Would you give the listing back word for word once its pictures are removed?

Data block —
- - -
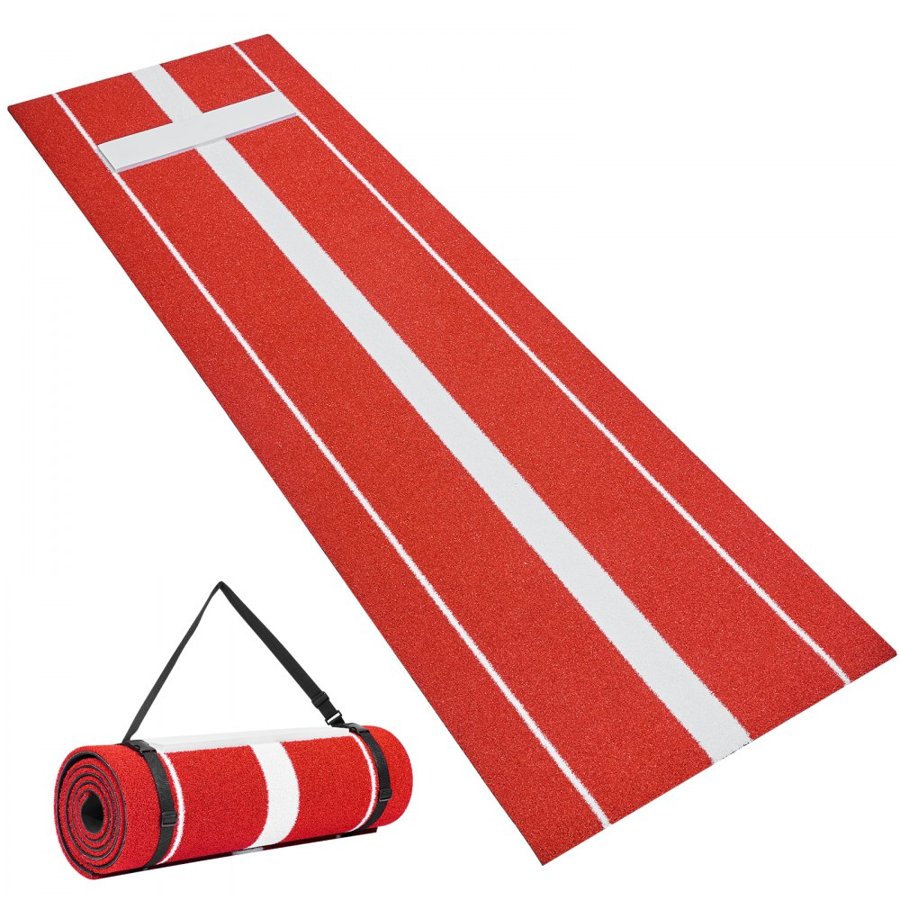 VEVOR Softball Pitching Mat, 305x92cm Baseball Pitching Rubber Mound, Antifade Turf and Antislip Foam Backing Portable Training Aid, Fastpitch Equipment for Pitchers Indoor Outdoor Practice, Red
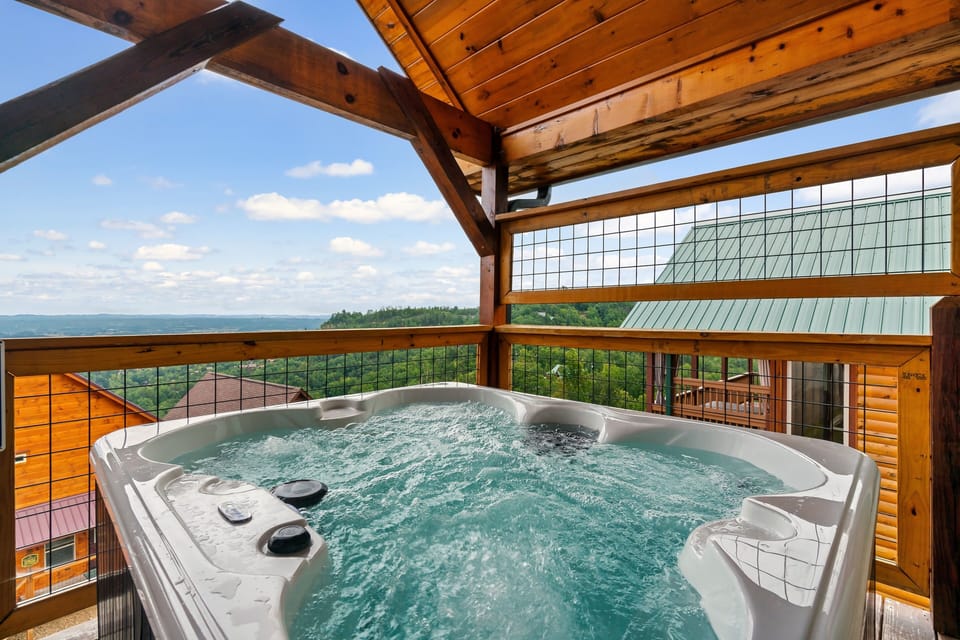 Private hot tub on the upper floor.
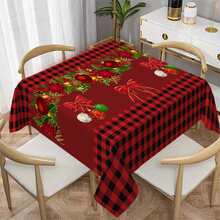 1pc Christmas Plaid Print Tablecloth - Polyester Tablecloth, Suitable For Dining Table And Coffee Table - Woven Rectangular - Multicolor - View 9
- - -
Result for this task —
 VEVOR Softball Pitching Mat, 305x92cm Baseball Pitching Rubber Mound, Antifade Turf and Antislip Foam Backing Portable Training Aid, Fastpitch Equipment for Pitchers Indoor Outdoor Practice, Red
 Private hot tub on the upper floor.
 1pc Christmas Plaid Print Tablecloth - Polyester Tablecloth, Suitable For Dining Table And Coffee Table - Woven Rectangular - Multicolor - View 9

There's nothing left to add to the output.